Image-text web data
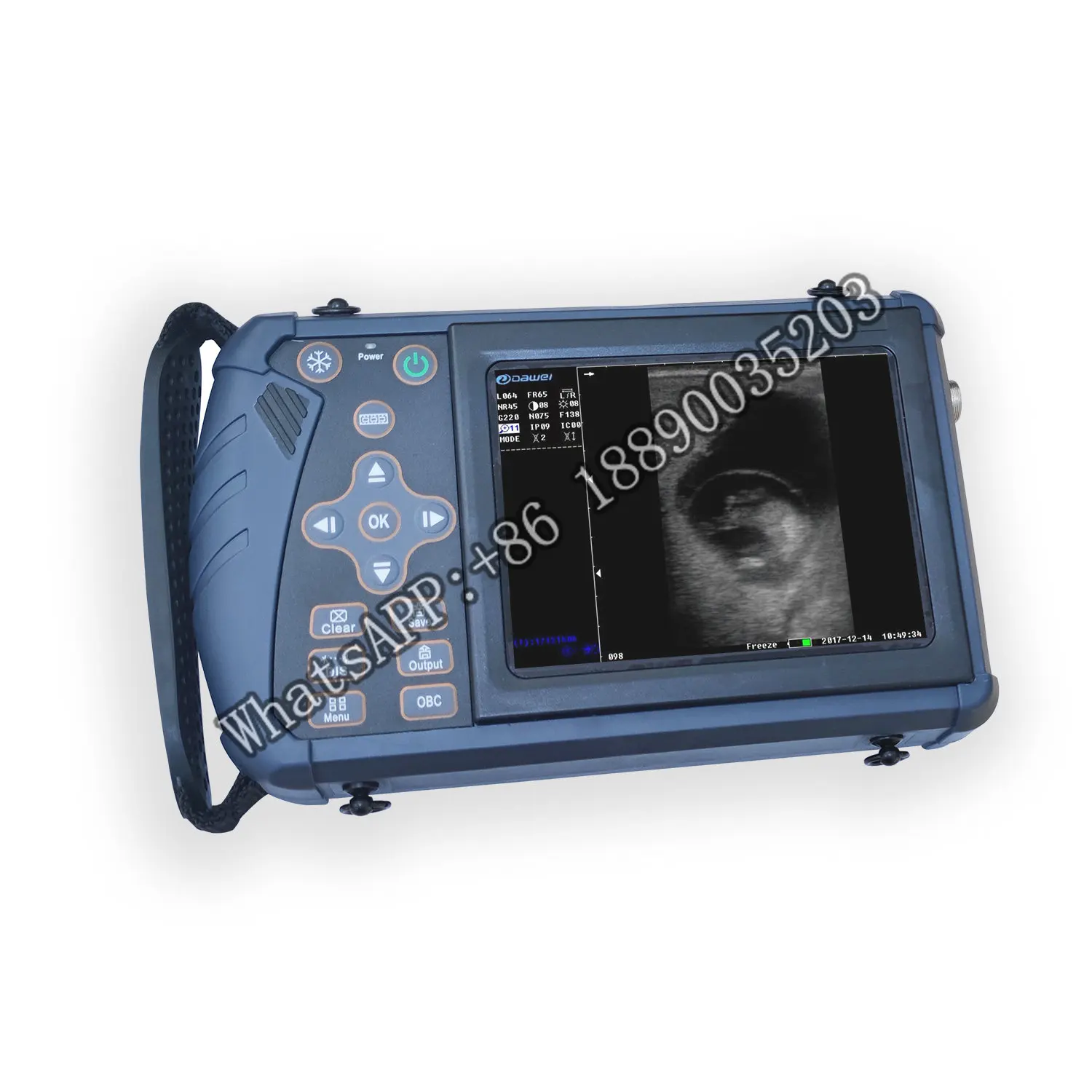 

Cheap Animal Pet Dog Vet Farm Ultrasound 5.6 Inches Scanner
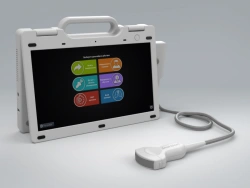 SmartScan 15A Portable Ultrasonic Diagnostic Scanner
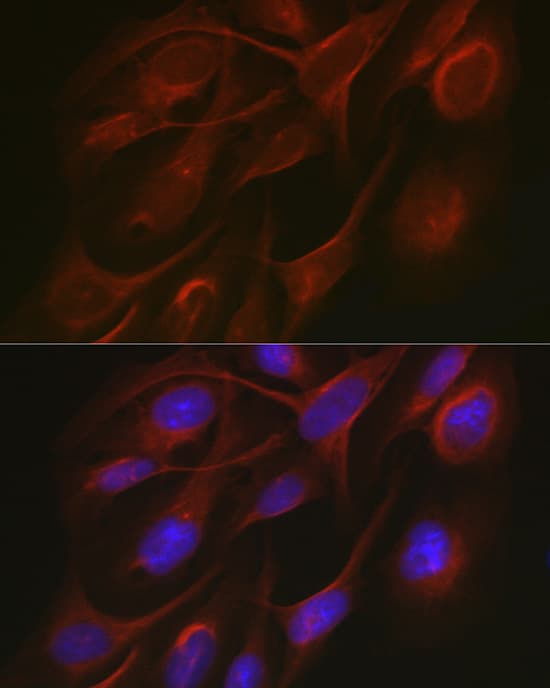 Immunocytochemistry/ Immunofluorescence: TRAF7 Antibody - Azide and BSA Free [TRAF7] - Immunofluorescence analysis of U2OS cells using TRAF7 Rabbit pAb  at dilution of 1:50. Secondary antibody: Cy3 Goat Anti-Rabbit IgG (H+L)  at 1:500 dilution. Blue: DAPI for nuclear staining.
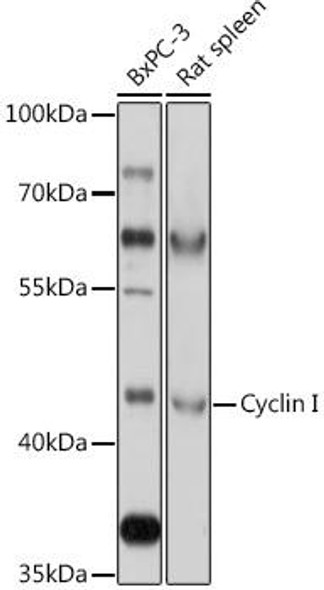 Cell Biology Antibodies 13 Anti-Cyclin I Antibody CAB17623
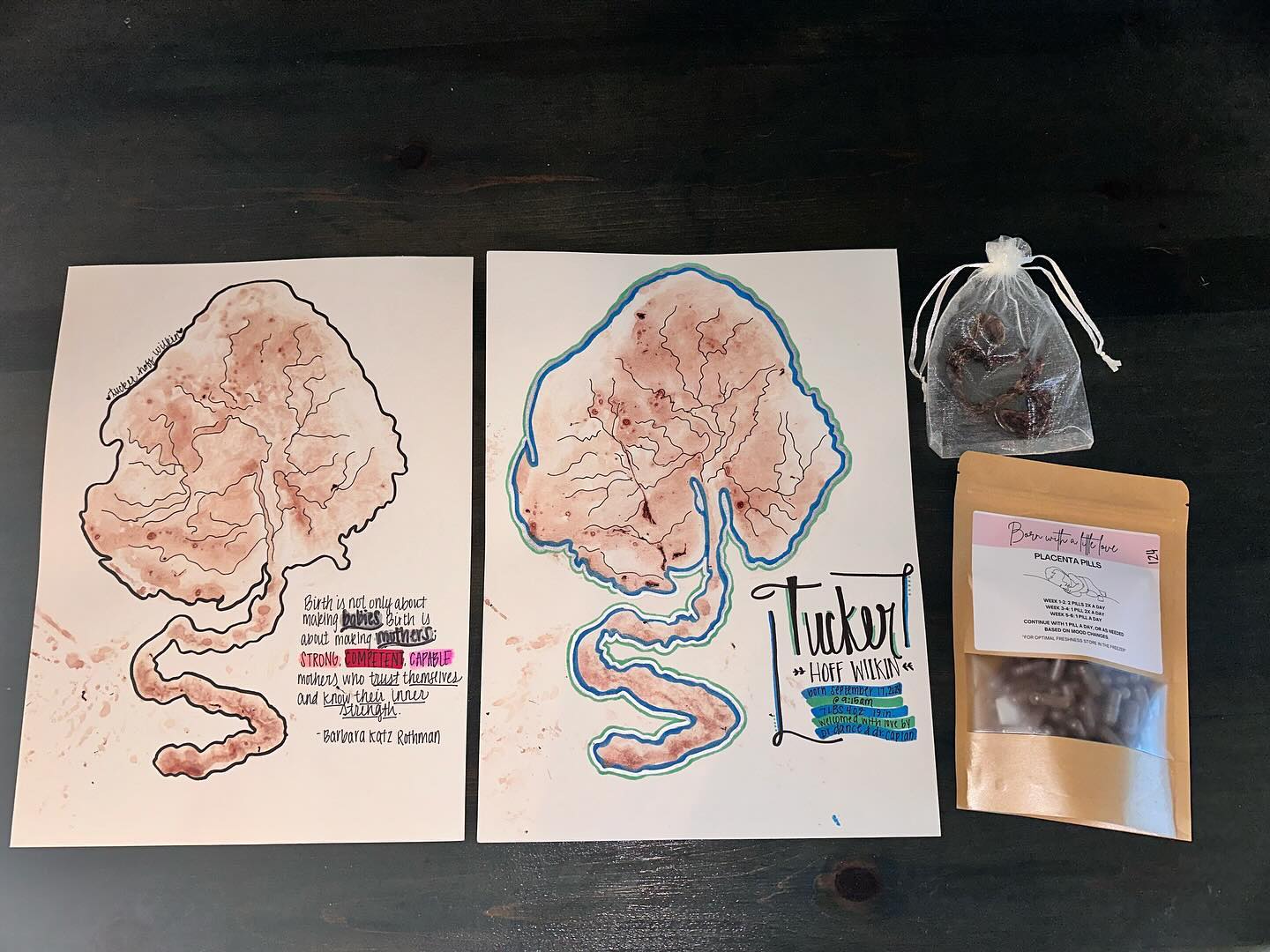 I’ve spoken a lot about placentas on this page and all the things that can be done with them. I chose to encapsulate mine and I’m so happy I did! The benefits it’s had on my mental health are absolutely incredible. The days where I would have baby blues or crippling anxiety, my placenta pills helped immensely. @alexlittleee I am so grateful to you and the work you do! Not only did she make the process so easy and smooth but also gave me these beautiful prints! Highly recommend to anyone wanting their placenta encapsulated by the best!! 🌳 ❤️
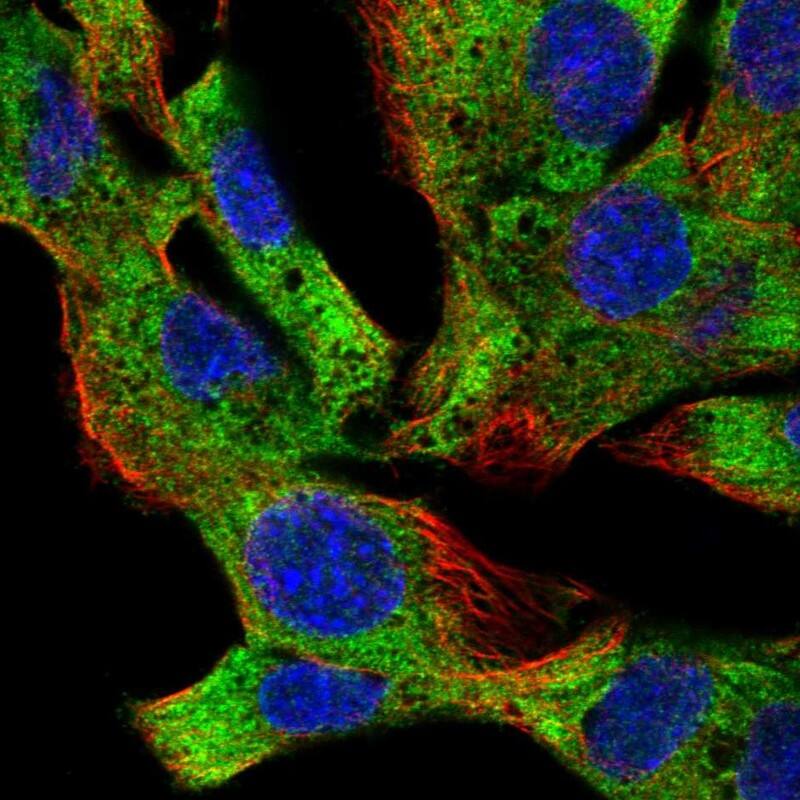 eIF2B4 Antibody Immunocytochemistry/Immunofluorescence: eIF2B4 Antibody [NBP3-24813]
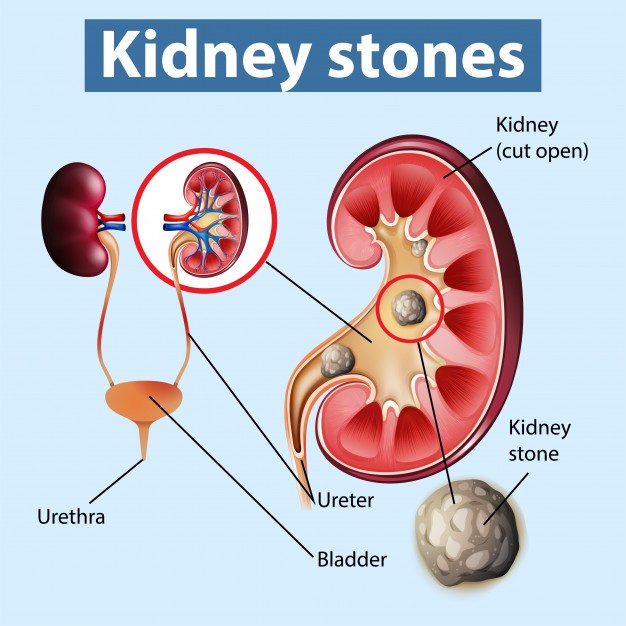 How to Get Rid of Kidney Stones Naturally? jyovis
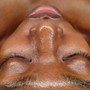 Radiance Renewal Microdermabrasion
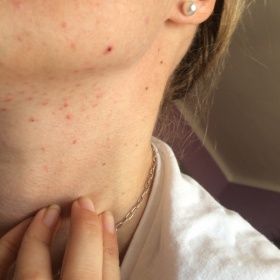 Pupence na krku a tváři -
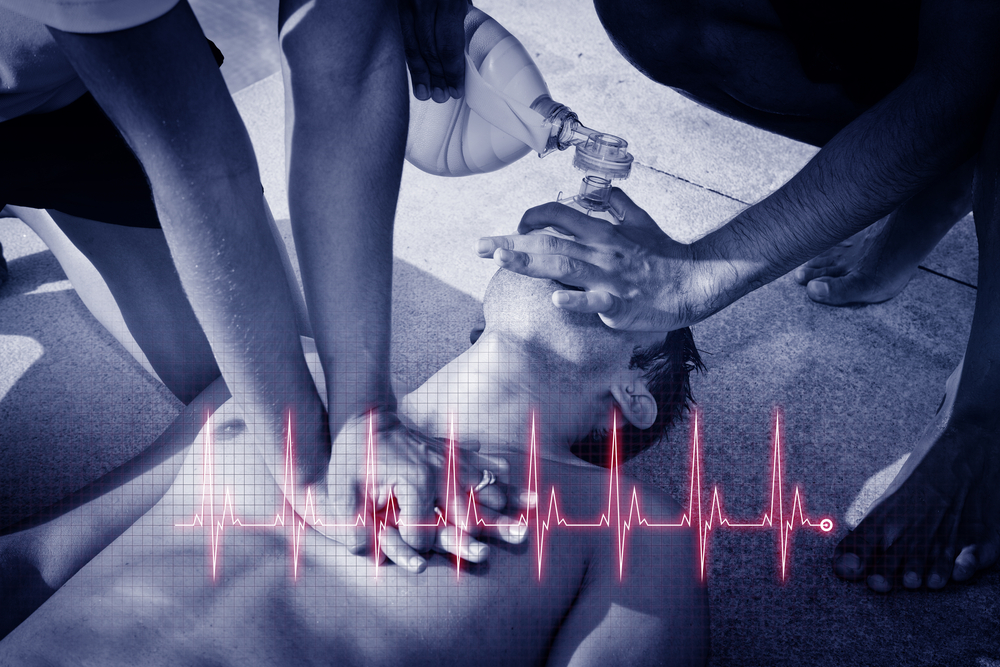 Chest Compression during CPR: Do ventilation interruptions really affect outcome?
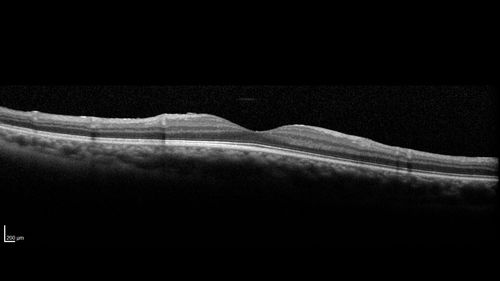 Eales Disease and fresh vitreous hemorrhage - 20 year old man
20 year old mane with fresh vitreous hemorrhage in the right eye.  At age 15 he had a PPV and laser in the left eye and laser in the right eye.  The vision is OD 20/80 PH 20/25, OS 20/25.  The left eye has a mild cataract.  He had prior testing for coagulopathies which was negative.  Testing done for syphillis and TB was negative.  Additional laser was done to prevent further bleeding in the right eye.
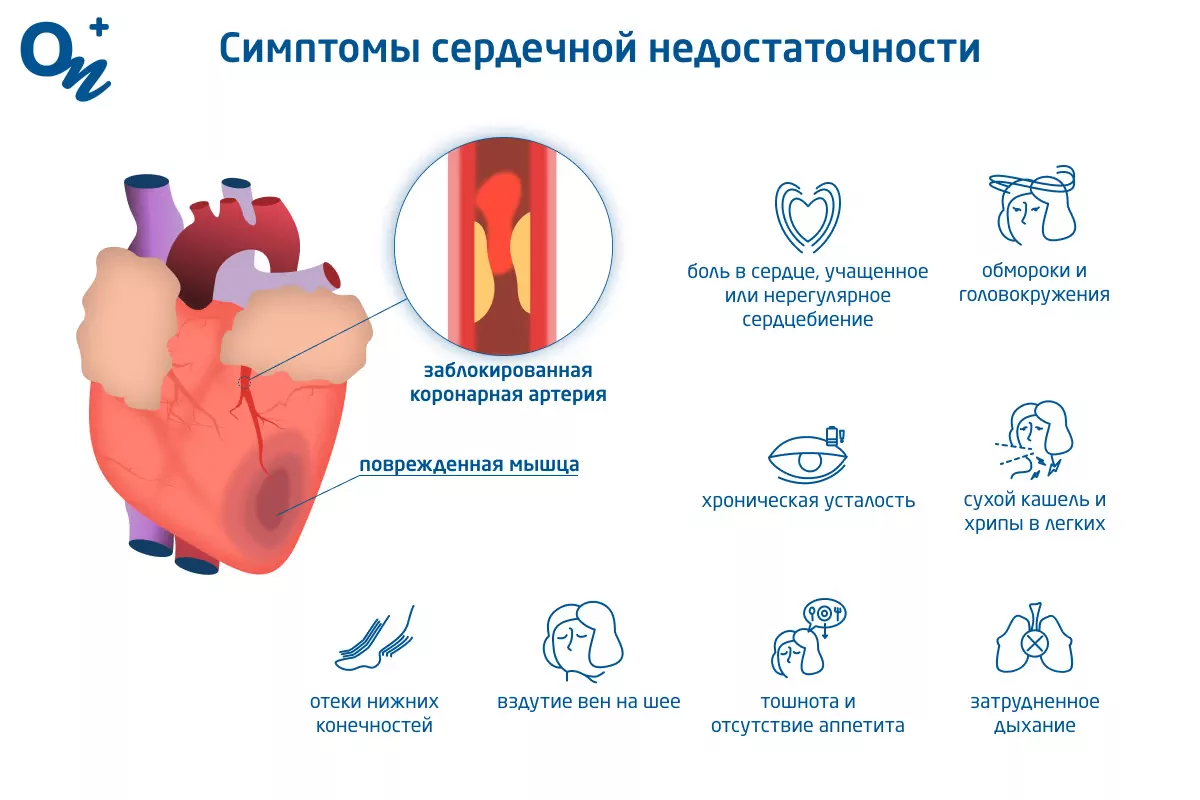 Симптомы и причины сердечной недостаточности — блог медицинского центра ОН  Клиник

EXERCISE GOAL: Final stretch of the data: repeat exactly each line from the one containing "Radiance Renewal Microdermabrasion" through the last, and omit all pictures.

RESPONSE AREA:
 Radiance Renewal Microdermabrasion
 Pupence na krku a tváři -
 Chest Compression during CPR: Do ventilation interruptions really affect outcome?
 Eales Disease and fresh vitreous hemorrhage - 20 year old man
20 year old mane with fresh vitreous hemorrhage in the right eye.  At age 15 he had a PPV and laser in the left eye and laser in the right eye.  The vision is OD 20/80 PH 20/25, OS 20/25.  The left eye has a mild cataract.  He had prior testing for coagulopathies which was negative.  Testing done for syphillis and TB was negative.  Additional laser was done to prevent further bleeding in the right eye.
 Симптомы и причины сердечной недостаточности — блог медицинского центра ОН  Клиник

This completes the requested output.